Items from a data source
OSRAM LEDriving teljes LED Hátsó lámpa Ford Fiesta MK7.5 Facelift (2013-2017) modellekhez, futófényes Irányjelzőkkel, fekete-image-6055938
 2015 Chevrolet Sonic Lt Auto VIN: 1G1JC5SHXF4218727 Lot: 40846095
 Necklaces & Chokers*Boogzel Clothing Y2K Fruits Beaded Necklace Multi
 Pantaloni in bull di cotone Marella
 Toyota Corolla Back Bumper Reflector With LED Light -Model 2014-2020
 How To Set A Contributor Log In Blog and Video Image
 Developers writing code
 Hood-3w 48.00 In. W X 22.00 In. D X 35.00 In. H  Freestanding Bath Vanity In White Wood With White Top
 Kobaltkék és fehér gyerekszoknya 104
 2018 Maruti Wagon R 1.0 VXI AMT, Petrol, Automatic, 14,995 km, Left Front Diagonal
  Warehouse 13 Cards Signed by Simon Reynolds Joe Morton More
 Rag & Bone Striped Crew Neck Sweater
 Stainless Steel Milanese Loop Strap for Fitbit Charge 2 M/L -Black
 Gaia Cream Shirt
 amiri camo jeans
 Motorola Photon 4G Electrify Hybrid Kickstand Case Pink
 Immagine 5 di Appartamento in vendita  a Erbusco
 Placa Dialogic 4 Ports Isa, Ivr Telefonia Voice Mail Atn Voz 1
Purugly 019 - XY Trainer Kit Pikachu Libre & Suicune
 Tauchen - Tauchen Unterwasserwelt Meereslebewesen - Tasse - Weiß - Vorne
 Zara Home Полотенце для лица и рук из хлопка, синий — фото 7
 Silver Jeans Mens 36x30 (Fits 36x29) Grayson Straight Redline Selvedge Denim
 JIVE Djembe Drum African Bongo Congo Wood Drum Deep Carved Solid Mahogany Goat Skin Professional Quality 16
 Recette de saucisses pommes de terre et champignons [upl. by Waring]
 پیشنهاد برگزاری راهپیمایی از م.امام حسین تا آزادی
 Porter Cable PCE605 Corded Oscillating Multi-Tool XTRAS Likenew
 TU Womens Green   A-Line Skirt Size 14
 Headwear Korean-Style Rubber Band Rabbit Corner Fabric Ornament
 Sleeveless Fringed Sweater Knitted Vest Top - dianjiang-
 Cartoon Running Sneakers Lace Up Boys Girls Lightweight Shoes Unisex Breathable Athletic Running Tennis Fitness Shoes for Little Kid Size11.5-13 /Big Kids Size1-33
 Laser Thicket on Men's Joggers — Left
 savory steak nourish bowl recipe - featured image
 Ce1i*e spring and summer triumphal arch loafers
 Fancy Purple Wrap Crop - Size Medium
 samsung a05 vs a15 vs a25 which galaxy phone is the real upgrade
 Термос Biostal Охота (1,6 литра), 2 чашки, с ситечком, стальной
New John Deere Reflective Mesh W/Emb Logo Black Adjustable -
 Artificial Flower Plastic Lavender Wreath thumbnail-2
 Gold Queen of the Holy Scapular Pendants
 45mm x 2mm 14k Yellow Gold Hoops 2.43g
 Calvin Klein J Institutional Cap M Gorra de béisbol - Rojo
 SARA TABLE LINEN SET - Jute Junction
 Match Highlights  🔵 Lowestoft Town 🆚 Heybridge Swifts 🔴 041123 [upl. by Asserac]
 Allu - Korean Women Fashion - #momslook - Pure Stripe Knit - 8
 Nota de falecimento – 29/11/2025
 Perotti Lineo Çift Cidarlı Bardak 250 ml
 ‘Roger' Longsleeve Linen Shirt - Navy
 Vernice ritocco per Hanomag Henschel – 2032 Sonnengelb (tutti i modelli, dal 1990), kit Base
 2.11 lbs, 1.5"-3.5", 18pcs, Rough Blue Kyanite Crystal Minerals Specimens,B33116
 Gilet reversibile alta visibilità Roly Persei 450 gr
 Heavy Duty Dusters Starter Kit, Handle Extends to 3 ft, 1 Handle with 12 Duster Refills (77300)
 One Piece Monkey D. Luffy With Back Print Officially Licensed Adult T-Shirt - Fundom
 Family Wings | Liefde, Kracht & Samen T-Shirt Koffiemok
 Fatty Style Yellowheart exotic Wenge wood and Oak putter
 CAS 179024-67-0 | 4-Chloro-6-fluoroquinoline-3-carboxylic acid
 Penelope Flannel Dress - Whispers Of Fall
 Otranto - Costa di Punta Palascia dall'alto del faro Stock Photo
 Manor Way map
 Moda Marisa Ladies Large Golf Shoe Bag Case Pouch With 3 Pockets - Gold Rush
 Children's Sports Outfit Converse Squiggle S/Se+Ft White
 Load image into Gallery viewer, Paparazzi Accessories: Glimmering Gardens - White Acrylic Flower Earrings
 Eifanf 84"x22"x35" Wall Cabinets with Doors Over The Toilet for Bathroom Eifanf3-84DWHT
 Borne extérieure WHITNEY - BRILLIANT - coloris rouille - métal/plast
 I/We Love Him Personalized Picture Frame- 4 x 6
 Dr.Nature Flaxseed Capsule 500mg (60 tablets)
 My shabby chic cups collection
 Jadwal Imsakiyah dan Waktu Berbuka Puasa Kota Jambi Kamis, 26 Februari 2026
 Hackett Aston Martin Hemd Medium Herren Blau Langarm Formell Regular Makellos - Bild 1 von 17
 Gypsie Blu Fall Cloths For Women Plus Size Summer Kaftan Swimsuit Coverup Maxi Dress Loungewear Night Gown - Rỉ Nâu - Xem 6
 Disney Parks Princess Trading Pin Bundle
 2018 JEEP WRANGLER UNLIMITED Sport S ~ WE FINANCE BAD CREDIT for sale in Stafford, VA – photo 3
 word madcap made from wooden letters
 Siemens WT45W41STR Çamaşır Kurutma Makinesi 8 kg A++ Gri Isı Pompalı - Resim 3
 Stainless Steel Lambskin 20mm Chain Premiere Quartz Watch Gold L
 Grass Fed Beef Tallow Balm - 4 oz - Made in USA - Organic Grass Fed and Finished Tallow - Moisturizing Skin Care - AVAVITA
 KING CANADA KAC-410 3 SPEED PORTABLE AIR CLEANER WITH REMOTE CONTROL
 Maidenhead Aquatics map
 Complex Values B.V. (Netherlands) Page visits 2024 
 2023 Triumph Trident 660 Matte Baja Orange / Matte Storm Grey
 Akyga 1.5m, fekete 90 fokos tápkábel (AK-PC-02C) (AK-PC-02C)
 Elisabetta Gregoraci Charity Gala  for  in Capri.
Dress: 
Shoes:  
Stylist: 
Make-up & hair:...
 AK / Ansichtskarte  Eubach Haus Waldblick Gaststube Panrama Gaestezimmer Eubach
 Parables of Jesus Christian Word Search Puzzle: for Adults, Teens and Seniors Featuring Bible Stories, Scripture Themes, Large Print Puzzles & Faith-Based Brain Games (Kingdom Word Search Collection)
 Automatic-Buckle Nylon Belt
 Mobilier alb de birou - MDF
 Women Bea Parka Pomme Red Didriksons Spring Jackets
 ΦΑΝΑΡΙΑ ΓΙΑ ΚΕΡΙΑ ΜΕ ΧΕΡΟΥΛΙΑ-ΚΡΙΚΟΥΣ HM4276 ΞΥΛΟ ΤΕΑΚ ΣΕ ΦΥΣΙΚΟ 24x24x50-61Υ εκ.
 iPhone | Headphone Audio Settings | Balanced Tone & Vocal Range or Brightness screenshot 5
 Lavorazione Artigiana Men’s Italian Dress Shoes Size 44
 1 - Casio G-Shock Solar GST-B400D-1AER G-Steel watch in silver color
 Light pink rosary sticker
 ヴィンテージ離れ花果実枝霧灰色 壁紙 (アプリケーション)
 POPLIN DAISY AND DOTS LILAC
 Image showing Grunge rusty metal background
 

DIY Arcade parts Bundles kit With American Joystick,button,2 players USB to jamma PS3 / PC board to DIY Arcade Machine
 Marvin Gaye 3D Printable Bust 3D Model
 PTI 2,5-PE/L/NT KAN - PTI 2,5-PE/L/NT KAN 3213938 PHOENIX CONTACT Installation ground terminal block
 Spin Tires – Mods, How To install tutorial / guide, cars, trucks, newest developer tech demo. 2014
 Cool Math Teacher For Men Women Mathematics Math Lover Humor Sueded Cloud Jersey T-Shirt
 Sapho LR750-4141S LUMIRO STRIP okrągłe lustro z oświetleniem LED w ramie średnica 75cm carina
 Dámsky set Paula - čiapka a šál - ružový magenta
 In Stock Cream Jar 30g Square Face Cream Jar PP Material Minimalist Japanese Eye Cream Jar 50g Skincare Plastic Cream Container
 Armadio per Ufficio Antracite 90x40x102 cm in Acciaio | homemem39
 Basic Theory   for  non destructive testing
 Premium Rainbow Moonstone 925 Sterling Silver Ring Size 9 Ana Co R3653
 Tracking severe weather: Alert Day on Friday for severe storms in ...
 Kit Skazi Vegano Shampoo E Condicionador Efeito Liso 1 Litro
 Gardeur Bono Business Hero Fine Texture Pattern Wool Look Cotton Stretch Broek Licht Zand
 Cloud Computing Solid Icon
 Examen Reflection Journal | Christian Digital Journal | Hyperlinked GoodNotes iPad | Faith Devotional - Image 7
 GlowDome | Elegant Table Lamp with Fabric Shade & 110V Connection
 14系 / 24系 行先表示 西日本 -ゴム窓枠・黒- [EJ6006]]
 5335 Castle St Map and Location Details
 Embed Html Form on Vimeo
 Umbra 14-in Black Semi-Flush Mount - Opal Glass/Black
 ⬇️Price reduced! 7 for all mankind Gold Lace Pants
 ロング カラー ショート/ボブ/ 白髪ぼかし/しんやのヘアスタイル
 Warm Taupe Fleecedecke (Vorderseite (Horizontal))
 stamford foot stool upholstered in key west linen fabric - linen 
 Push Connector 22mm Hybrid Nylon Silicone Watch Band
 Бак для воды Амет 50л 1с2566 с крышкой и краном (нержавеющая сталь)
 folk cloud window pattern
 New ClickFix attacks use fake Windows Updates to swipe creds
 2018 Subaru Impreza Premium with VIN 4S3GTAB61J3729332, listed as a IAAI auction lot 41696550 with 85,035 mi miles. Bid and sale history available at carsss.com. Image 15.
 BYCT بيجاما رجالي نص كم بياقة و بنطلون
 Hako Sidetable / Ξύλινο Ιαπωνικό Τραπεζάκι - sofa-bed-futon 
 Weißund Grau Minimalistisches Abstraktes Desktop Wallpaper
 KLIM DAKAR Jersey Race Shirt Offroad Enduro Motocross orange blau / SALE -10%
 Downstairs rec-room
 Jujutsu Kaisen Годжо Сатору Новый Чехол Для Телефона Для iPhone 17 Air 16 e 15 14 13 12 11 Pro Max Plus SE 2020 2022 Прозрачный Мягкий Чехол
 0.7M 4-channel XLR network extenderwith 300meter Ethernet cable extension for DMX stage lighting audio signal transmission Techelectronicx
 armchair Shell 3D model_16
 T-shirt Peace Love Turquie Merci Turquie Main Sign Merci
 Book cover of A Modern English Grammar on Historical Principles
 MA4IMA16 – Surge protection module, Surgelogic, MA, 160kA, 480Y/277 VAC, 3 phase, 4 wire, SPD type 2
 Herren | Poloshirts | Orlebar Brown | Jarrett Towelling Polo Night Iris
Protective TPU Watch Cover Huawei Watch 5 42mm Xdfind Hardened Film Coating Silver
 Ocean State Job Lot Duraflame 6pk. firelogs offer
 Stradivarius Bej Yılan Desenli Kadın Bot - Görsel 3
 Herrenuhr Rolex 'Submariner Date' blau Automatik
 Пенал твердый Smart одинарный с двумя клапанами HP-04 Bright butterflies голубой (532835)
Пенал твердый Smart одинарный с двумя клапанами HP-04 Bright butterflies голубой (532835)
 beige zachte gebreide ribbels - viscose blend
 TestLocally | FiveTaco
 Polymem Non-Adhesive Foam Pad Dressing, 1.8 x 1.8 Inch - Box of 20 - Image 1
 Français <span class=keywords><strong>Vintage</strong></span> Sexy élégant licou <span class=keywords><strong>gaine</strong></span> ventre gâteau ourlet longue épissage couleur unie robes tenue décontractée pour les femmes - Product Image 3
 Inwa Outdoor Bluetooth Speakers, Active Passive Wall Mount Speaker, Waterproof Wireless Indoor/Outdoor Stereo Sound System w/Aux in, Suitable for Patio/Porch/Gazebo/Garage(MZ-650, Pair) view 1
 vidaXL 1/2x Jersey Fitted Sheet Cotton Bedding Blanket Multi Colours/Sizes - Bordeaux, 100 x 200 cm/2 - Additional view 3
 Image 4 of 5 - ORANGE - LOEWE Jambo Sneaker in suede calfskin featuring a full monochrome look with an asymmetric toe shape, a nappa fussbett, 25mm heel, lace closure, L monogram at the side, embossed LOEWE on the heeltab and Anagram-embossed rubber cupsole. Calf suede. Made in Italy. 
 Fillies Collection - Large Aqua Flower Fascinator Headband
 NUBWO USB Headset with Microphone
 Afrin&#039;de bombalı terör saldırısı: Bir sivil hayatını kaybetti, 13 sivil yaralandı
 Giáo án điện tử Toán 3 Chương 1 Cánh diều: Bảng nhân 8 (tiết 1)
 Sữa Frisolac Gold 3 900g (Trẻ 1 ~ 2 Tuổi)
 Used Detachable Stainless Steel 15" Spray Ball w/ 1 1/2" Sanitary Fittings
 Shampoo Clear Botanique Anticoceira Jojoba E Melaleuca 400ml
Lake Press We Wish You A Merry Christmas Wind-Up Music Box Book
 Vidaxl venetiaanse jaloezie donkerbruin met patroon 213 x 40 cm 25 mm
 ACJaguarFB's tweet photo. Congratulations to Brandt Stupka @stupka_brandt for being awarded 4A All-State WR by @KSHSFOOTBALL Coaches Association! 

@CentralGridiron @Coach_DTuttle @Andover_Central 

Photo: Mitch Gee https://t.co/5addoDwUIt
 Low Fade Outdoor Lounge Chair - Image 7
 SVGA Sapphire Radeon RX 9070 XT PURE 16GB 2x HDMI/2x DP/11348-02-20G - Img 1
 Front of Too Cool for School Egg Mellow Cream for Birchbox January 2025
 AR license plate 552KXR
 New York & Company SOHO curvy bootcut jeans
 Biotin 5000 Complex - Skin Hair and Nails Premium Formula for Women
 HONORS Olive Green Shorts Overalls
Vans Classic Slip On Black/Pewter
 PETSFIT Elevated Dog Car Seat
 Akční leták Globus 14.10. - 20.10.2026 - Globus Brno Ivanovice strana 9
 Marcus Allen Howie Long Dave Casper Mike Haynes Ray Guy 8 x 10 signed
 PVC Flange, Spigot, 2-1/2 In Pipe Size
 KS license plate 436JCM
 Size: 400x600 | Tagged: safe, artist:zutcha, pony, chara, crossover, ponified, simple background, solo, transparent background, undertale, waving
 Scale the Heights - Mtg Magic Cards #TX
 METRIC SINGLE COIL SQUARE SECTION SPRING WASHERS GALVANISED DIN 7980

:: What you will do ::
Reproduce the lines of the entries above from the one with "Porter Cable PCE605" to the one with "samsung a05 vs", both included, exactly and without any other line.

:: Task response ::
 Porter Cable PCE605 Corded Oscillating Multi-Tool XTRAS Likenew
 TU Womens Green   A-Line Skirt Size 14
 Headwear Korean-Style Rubber Band Rabbit Corner Fabric Ornament
 Sleeveless Fringed Sweater Knitted Vest Top - dianjiang-
 Cartoon Running Sneakers Lace Up Boys Girls Lightweight Shoes Unisex Breathable Athletic Running Tennis Fitness Shoes for Little Kid Size11.5-13 /Big Kids Size1-33
 Laser Thicket on Men's Joggers — Left
 savory steak nourish bowl recipe - featured image
 Ce1i*e spring and summer triumphal arch loafers
 Fancy Purple Wrap Crop - Size Medium
 samsung a05 vs a15 vs a25 which galaxy phone is the real upgrade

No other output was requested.